According to writers of his time, Mahler himself was shocked after hearing the premiere of his own recently (1906) completed 6th symphony. Only the Scherzo gives a bit of relieve but all other movements end into tragedy. The tragedy element is very well exposed by Mariss Jansons interpretation and the Scherzo gives a bit of relieve as intended.
In order to achieve this result, Jansons keeps a very consistent tempo in all movements. He is fast but never rushed. He lets his KCO play with remarkable precision never losing his main goal to deliver an authentic, coherent performance out of sight. On me it had a devastating effect indeed.
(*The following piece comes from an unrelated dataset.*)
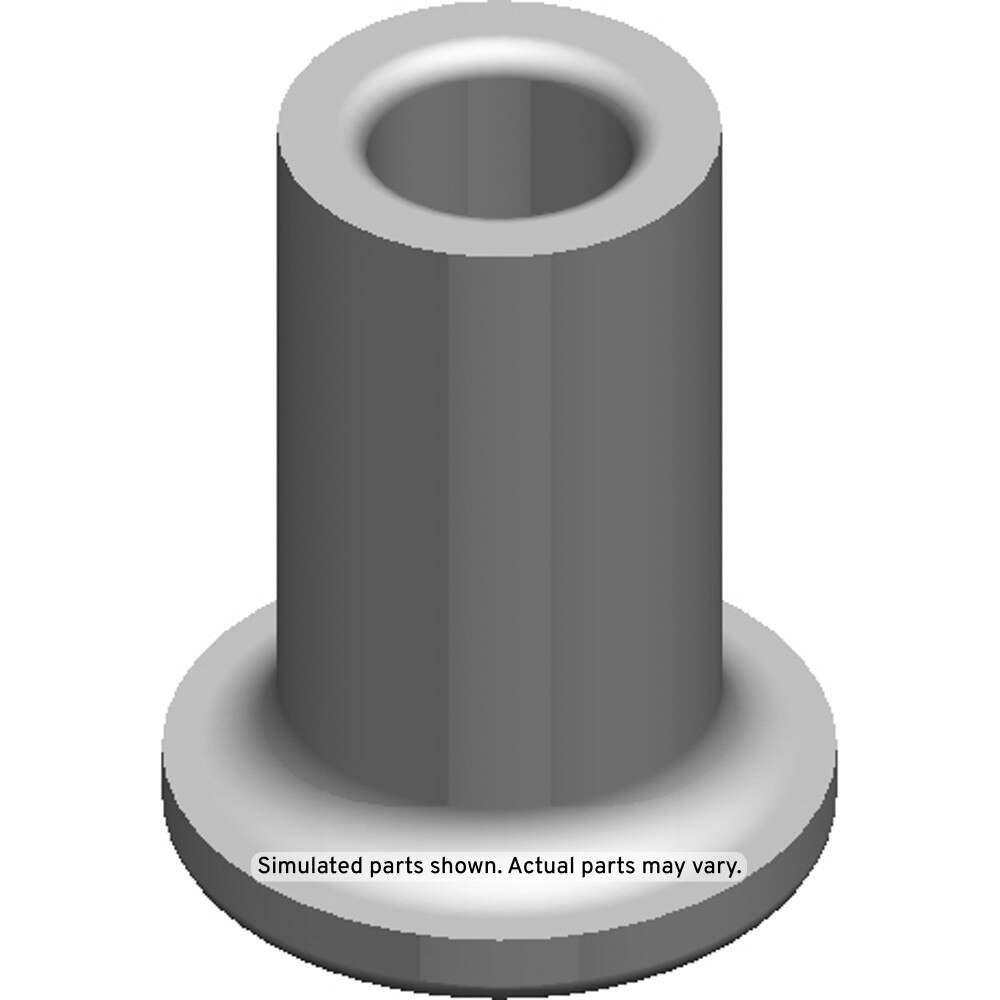 GM Genuine Parts Body Rivet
Mahler left his conductors in the dark with regard to the specific order of the Andante and the Scherzo. Most conductors prefer to play the Scherzo as second movement but Jansons plays the Andante (movement 2) first followed by the Scherzo (movement 3). I think this works very well in the approach Jansons has taken. The finale (31 minutes) is almost a symphony of its own and needs a bit rest before.

A very interesting addition to this Mahler 6 live performance is “Sebastian im Traum”, composed in 2003/04. Where Mahler needs 85 minutes to deliver his message, Hans Werner Henze (1926) only needs 14 minutes to review all things in life.
Henze uses the same orchestral apparatus as Mahler in this piece but his style is contemporary, light and fluid. Henze’s music is a welcome relieve after the tragedies in the 6th of Mahler and Mariss Jansons gives a convincing interpretation of it in this world premiere recording.

The sound quality is stunning and very realistic. According to the booklet the disc has been compiled from 3 different live performances so in a sense the engineers have some material to play with.